EDIT: I also want to add a belated edit that not all of the groups out there are bad. While I’m not really an active participant in many of them (I tend to lurk, and save my social interaction or very small groups, or in person), I’ve gotten some very good information and found helpful, kind people in some of the more specialized groups, such as the “Zonies” group targeted at AZ endurance riders, just as one example. So Good People are out there…even on social media. ;)
6 thoughts on “PSA: Endurance and Social Media”
excellent points, especially right now. the vitriol, it burns.
and really, we are often such nice people.
Seriously. I have a hard time reconciling the nice people that I know and meet at things like Convention or at rides with some of what gets slung about online. People need a “brain to keyboard” filter engaged.
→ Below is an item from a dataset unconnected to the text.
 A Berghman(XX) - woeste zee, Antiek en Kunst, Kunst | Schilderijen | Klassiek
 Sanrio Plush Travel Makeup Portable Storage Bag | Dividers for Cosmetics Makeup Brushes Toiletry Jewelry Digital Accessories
Especially the LD vs Endurance debate. I do like the Bruce W and Major posts. I do a lot of lurking. I am interested in people’s thoughts on conditioning and overall fitness. My current mentor isn’t into conditioning and is concerned about over-riding. My former mentor (I moved so that’s why I switched) did 25 or more miles a week. They both have many horses and I’ve just got one so now we’re sticking with LD since I can’t ride that much a week.
Bruce has been one of my unofficial mentors here in AZ over the last few years, and has graciously allowed me to pick his brain on all things endurance.
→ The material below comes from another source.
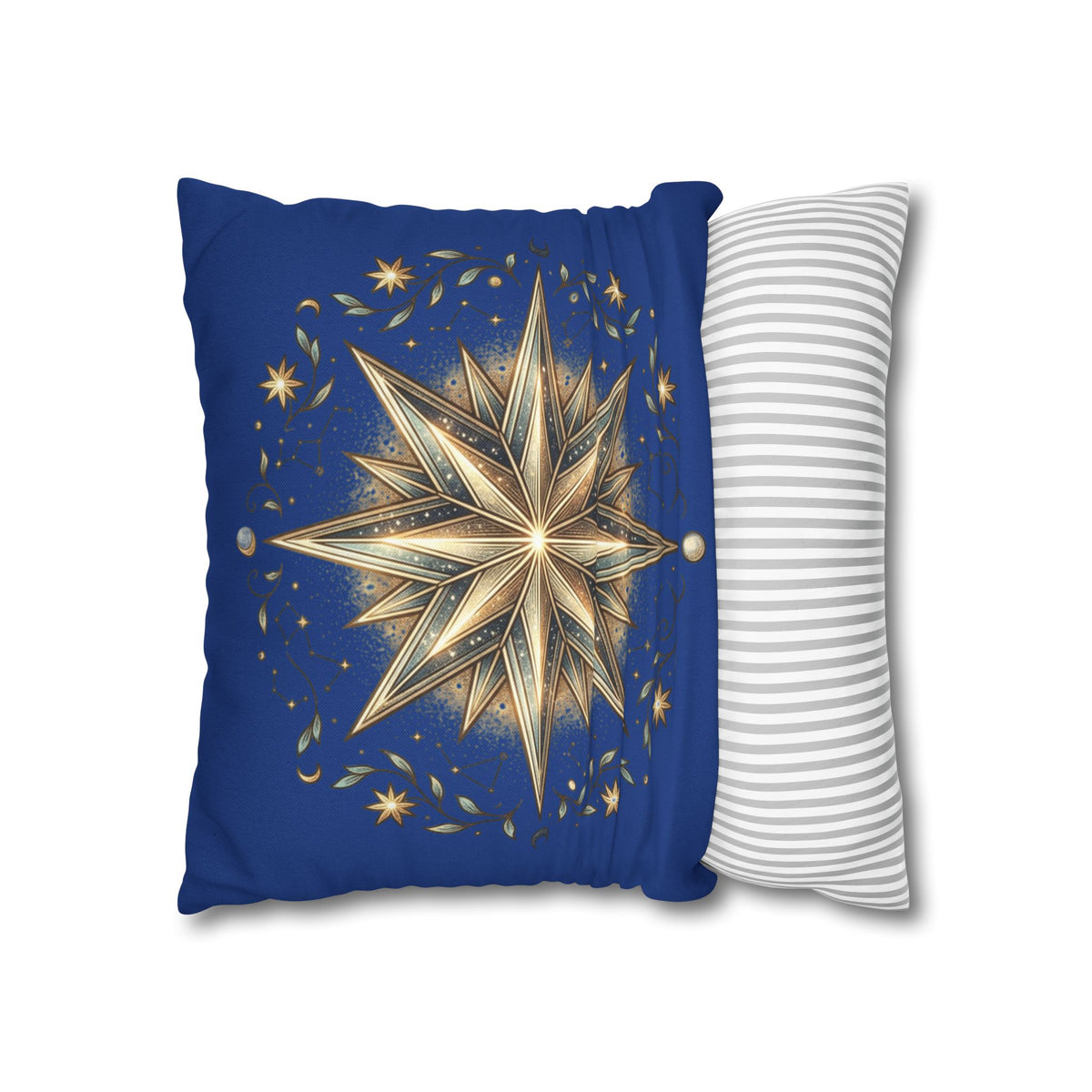 Star Print Navy Spun Polyester Square Pillowcase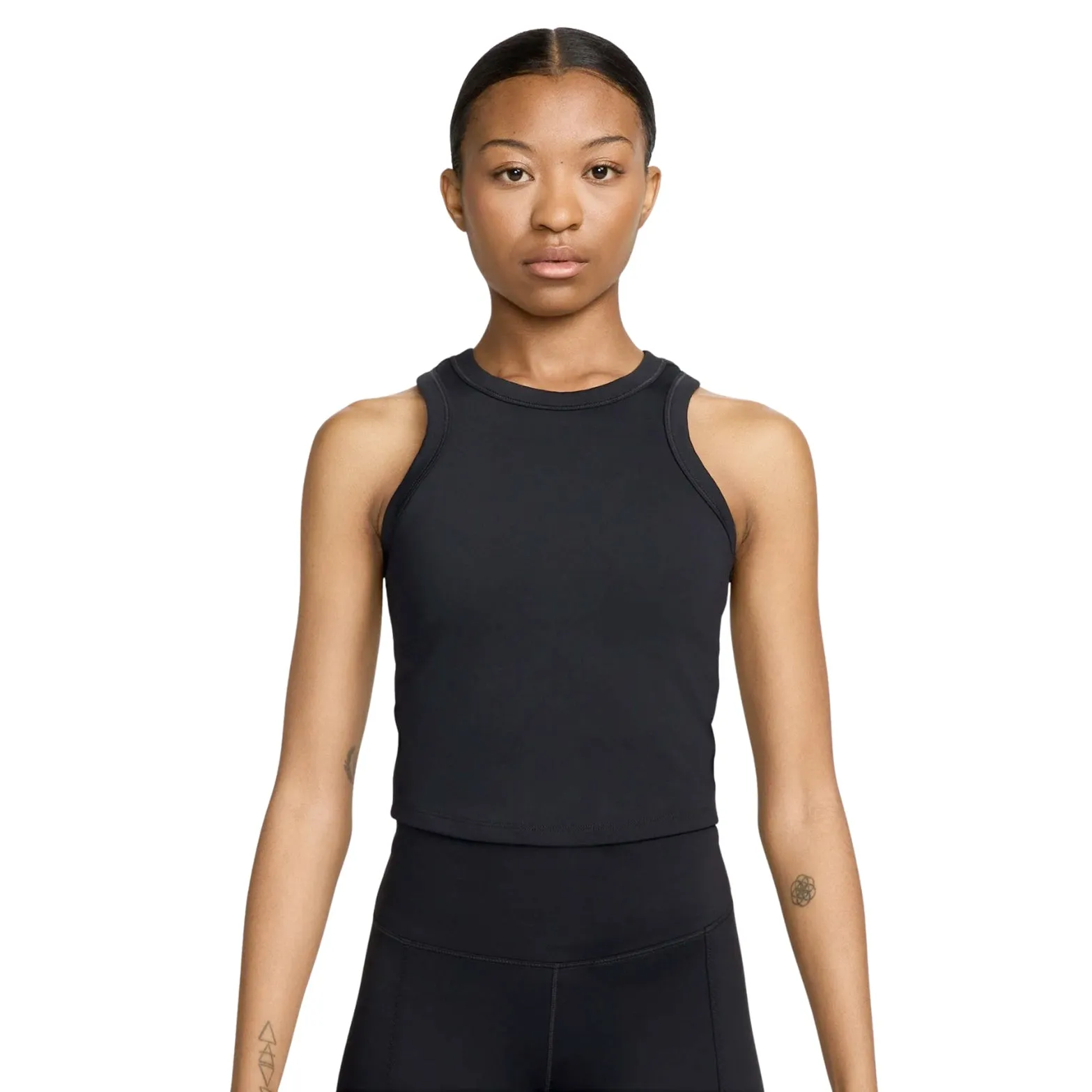 Nike Women's Dri-FIT One Fitted Cropped Tank Black / Black Moisture Control Lining Eco Friendly Dye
On conditioning, I would say that it really depends on your horse and what your riding goals are. In my experience, an Arabian or half-Arab will fit up and keep their condition faster and on less work than a non-Arab once the foundation is laid down. Once you’ve got the base down and they’re at “ride level” fitness (be that a 25 or a 50), then it really doesn’t take much in-between rides if you’re able to attend rides on a regular basis, especially if you’re operating on a “finish with a healthy and sound horse” goal — racing competitively is a whole other field, and one I have no experience in.
Over-riding can be a concern — I like to take a “make your miles count” approach. Are they “junk” miles, or things that are not adding to the horses base or condition, but just adding wear and tear? If the riding time you have available is more limited, I would say one longer, good training ride once a week will do more than several shorter rides, especially if the horse has turnout and is able to move around a lot.